Patricia Wise is a nationally known employment law practitioner. She has been interviewed by NPR, quoted in the Wall Street Journal and The Economist, and has contributed to publications from San Francisco to Atlanta. Wise has testified before a Congressional subcommittee, the U.S. Equal Employment Opportunity Commission (EEOC), and the California State Legislature. Wise was appointed by former EEOC Chair Jenny Yang to its Select Task Force on Workplace Harassment and is a past member of the Society for Human Resource Management (SHRM) Labor Relations Special Expertise Panel, which she co-chaired in 2014–2015. She has trained thousands in civil rights and employment law, including state banking associations throughout the country, and has been a part-time professor for the University of Toledo College of Law for 20 years. Wise is a member of the Graduate School of Banking at the University of Wisconsin in Madison faculty. She has published books on harassment and retaliation, most recently the third edition of her book, “Understanding and Preventing Workplace Retaliation,” published by the Thompson Publishing Group. Wise previously served as in-house counsel to a multi-billion-dollar bank holding company and was appointed as special counsel by the Ohio Attorney General from 2003-2007. She is certified by the Ohio State Bar Association as a labor and employment law specialist and represents diverse clients of all sizes and industries. In 2014, the Ohio Supreme Court appointed Wise as a member of the Board of Professional Conduct, where she served for nine years, including two as chair. For over 10 years, she has held Martindale-Hubbell’s AV Preeminent rating, the highest possible rating in both legal ability and ethical standards. Wise is a College of Labor and Employment Lawyers member and a certified Title IX investigator.
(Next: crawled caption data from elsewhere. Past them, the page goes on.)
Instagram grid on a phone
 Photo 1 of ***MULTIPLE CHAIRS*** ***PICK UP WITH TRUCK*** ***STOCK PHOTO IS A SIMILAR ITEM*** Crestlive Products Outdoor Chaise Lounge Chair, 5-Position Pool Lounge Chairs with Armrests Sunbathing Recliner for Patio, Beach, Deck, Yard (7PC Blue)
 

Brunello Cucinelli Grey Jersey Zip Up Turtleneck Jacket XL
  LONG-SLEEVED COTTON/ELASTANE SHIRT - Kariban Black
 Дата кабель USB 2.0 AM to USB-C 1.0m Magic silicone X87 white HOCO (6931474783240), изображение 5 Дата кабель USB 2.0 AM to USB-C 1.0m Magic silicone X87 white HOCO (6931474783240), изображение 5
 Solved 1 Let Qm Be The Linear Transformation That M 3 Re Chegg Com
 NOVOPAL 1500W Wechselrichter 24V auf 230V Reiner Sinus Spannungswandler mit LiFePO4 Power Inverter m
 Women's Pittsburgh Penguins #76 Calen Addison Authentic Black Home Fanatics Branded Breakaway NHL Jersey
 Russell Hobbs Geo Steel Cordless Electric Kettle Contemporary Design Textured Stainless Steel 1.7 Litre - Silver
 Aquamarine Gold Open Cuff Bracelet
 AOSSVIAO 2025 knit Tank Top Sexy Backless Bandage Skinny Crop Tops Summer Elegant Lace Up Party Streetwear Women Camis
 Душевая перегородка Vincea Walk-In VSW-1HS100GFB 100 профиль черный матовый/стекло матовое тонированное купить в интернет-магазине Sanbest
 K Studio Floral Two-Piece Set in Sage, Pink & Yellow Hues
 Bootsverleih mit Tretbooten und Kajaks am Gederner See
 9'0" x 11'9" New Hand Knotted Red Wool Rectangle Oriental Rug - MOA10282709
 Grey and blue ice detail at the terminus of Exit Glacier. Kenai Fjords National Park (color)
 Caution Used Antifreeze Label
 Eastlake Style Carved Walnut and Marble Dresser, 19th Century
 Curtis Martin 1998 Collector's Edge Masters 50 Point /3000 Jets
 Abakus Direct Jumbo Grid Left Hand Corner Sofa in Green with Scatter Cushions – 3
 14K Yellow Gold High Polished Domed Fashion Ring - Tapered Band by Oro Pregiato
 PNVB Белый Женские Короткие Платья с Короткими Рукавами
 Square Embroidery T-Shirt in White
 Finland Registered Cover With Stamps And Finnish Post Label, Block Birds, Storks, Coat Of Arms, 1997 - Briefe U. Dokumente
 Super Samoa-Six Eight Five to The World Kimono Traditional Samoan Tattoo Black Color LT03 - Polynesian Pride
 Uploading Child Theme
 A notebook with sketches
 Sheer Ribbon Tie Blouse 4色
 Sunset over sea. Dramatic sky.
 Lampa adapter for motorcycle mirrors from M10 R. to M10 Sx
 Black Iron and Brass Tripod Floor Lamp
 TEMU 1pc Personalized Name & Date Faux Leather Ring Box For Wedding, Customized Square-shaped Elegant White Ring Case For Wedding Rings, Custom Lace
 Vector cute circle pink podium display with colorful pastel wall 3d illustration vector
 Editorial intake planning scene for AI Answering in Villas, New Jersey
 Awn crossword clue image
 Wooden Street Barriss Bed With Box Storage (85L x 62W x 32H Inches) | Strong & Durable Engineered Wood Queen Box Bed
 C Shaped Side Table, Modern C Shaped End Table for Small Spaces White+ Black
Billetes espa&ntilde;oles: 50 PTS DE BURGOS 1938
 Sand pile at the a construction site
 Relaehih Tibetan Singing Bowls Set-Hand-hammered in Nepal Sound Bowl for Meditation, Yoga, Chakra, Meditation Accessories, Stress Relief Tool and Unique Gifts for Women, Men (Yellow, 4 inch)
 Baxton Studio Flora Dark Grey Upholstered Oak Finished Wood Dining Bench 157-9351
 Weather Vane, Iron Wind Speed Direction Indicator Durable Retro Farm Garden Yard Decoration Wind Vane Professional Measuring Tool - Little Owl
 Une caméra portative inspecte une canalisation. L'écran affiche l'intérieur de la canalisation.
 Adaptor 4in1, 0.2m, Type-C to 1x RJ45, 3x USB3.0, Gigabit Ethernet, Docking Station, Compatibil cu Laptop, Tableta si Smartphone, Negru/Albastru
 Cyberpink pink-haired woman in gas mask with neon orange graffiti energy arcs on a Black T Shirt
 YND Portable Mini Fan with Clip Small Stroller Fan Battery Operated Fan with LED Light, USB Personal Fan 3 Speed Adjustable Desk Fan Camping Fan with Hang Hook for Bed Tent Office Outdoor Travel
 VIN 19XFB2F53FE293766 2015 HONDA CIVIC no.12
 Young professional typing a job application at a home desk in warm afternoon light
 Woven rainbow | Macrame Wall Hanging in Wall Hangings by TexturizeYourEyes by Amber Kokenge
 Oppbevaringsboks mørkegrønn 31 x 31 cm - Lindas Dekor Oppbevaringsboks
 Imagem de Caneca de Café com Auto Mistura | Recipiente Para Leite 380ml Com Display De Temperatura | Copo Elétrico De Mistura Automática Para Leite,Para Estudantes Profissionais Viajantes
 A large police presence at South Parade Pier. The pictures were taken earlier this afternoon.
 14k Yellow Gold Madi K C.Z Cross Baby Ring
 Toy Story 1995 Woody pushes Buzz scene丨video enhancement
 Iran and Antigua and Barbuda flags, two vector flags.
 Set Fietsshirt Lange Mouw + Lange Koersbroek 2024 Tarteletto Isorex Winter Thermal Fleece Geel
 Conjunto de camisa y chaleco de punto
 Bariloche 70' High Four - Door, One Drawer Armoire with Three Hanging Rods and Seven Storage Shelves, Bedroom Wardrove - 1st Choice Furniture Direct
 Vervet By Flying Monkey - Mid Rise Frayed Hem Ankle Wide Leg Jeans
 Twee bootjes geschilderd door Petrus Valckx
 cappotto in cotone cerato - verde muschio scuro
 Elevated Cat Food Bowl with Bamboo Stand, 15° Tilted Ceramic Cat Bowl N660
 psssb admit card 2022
Wise is a graduate of The University of Toledo College of Law.

 

Group photo of the Law School Faculty

In addition to the previously listed faculty, the Law School team includes: (far left) Jeffrey Zavrotny, associate dean of Admissions; Kim Gattuso, associate dean of Experiential Learning; Taylor Warrington Purcell, administrative assistant; (fifth from left) Harvey Morrell, law librarian; Dean Phillip Closius; (fourth from right) Heather Karns, associate dean of Career Services; (second from right) Laurie Meehan, associate dean of Academics.